15 mars 2001 |
L'ouverture d'un casino dans une région, considérée par plusieurs comme une planche de salut économique, ne fait pas que des gagnants. En effet, trois chercheurs
de l'École de psychologie viennent de démontrer
que l'ouverture du Casino de Hull a accentué tous les symptômes
annonciateurs d'une hausse du nombre de joueurs pathologiques
dans cette région.
Christian Jacques, Robert Ladouceur et Francine Ferland ont mené
deux enquêtes auprès de 457 personnes de la région
de Hull avant l'ouverture du Casino de Hull, en 1996, et un an
après. Pour fins de comparaison, les chercheurs ont répété
le même exercice auprès de 423 personnes habitant
la région de Québec, où aucun nouveau casino
n'a ouvert ses portes pendant la période d'étude.
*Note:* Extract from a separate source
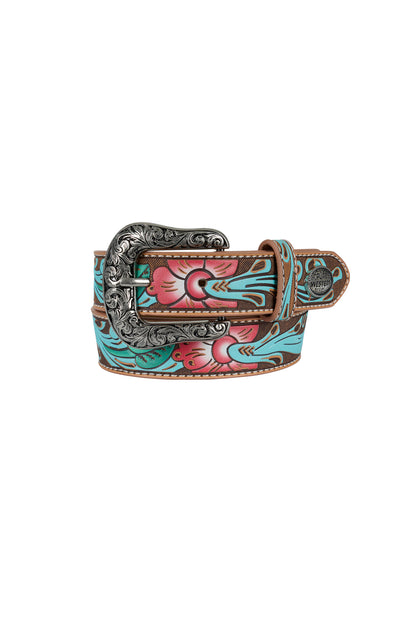 Pure Western Kid’s Taliah Belt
Dans l'article scientifique qu'ils signent sur le sujet dans un
récent numéro du Canadian Journal of Psychiatry,
les trois chercheurs notent, pour la région de Hull, que
le pourcentage de personnes ayant fréquenté un casino
dans les douze mois précédant l'enquête a
grimpé de 14 % à 65 % (stable autour de 25 % à
Québec). Pendant la même période, le montant
maximum d'argent perdu en une journée est passé
de 89 $ à 155 $ (stable à près de 27 $ à
Québec). En un an, les Hullois ont dépensé
environ 251 $ dans leur casino, soit nettement plus que les 113
$ pariés par les Québécois dans les trois
casinos de la province.
Un an après l'ouverture du Casino, 28 % des répondants
de Hull connaissaient quelqu'un qui a un problème de jeu
contre 16 % à Québec. "Il s'agit d'une interprétation
subjective et non une évaluation psychologique, reconnaît
Christian Jacques, mais ces chiffres sont tout de même révélateurs.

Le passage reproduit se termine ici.